Un percorso che ha incrociato più volte le istituzioni della Santa Sede.
Una ricerca divenuta scuola.
Nei primi anni Ottanta, quando l’impiego terapeutico dell’ozono era ancora oggetto di scetticismo, Franzini avviò studi clinici sull’interazione tra ossigeno, ozono e organismo umano.
Nel 1983 fondò SIOOT,
la prima società scientifica dedicata alla disciplina dell. Utilizzo medico dell Ozono sotto la Bandiera Italiana .
Oggi la Struttura riunisce migliaia di medici formati secondo protocolli condivisi e riconosciuti in ambito istituzionale, con l’obiettivo di offrire nuove possibilità terapeutiche ,
in diversi ambiti clinici.
Che cos’è l’Ossigeno-Ozono Terapia
La terapia utilizza una miscela controllata di ossigeno e ozono somministrata in basse concentrazioni. In ambito clinico viene impiegata per il trattamento di patologie dolorose vertebrali e articolari, insufficienze vascolari, infezioni antibioticoresistenti e altre condizioni infiammatorie, secondo protocolli definiti.
Le tappe del riconoscimento
Nel corso degli anni la SIOOT ha ottenuto diversi riconoscimenti istituzionali in Italia, tra cui l’inserimento nell’elenco delle società scientifiche del Ministero italiano della Salute.

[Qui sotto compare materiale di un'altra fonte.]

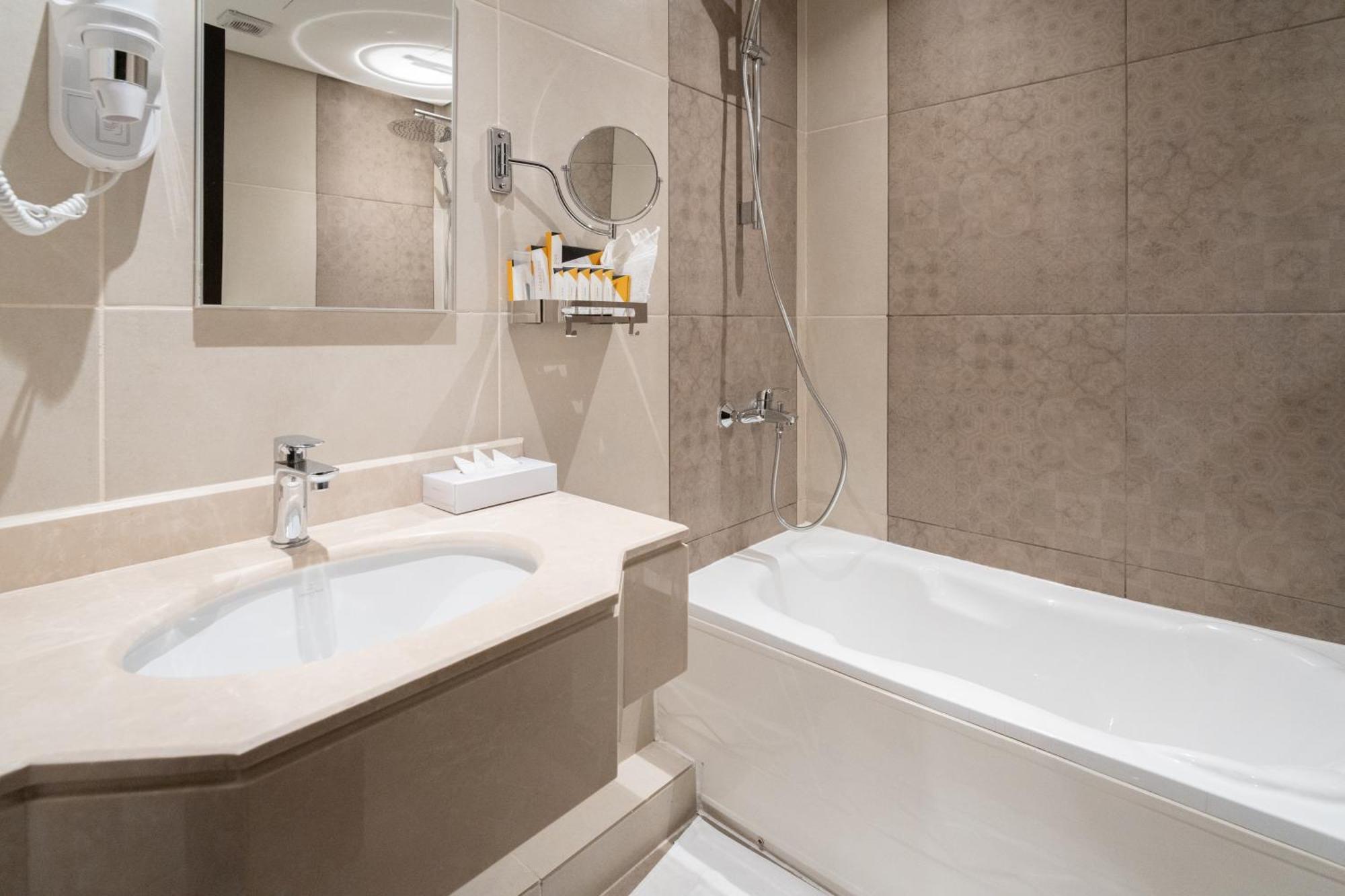 Sun & Moon Bacca Hotel 4*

Congressi Nazionali ed internazionali hanno certificato e contribuito alla diffusione della metodica e al confronto scientifico
In particolare si segnala quello svolto a Roma presso università Cattolica proprio sull’ Antibiotico Resistenza .
Poi ,il Privilegio : Il dialogo con la Santa Sede.
Nel 2015 il professor Franzini è intervenuto presso la Pontificia Accademia delle Scienze, alla Casina Pio IV, nell’ambito della Conferenza internazionale “Salute e Povertà”, dedicata al tema della salute come diritto universale.
Nel 2018 un congresso internazionale della SIOOT si è svolto presso la Pontificia Facoltà Seraphicum a Roma. Nello stesso anno l’associazione è stata accolta nella Pontificia Accademia Mariana Internazionale.
Una prospettiva solidale.
Tra le iniziative ricordate vi sono progetti sanitari in Paesi in via di sviluppo e attività divulgative orientate alla Cooperazione internazionale. L’intento dichiarato è :
“rendere accessibili terapie a basso costo anche in contesti con risorse limitate.”
La storia della SIOOT si colloca nel più ampio dialogo tra scienza e responsabilità etica.
In questa prospettiva, la ricerca medica è intesa non solo come progresso tecnico, ma anche come ; servizio alla dignità della persona e al bene comune.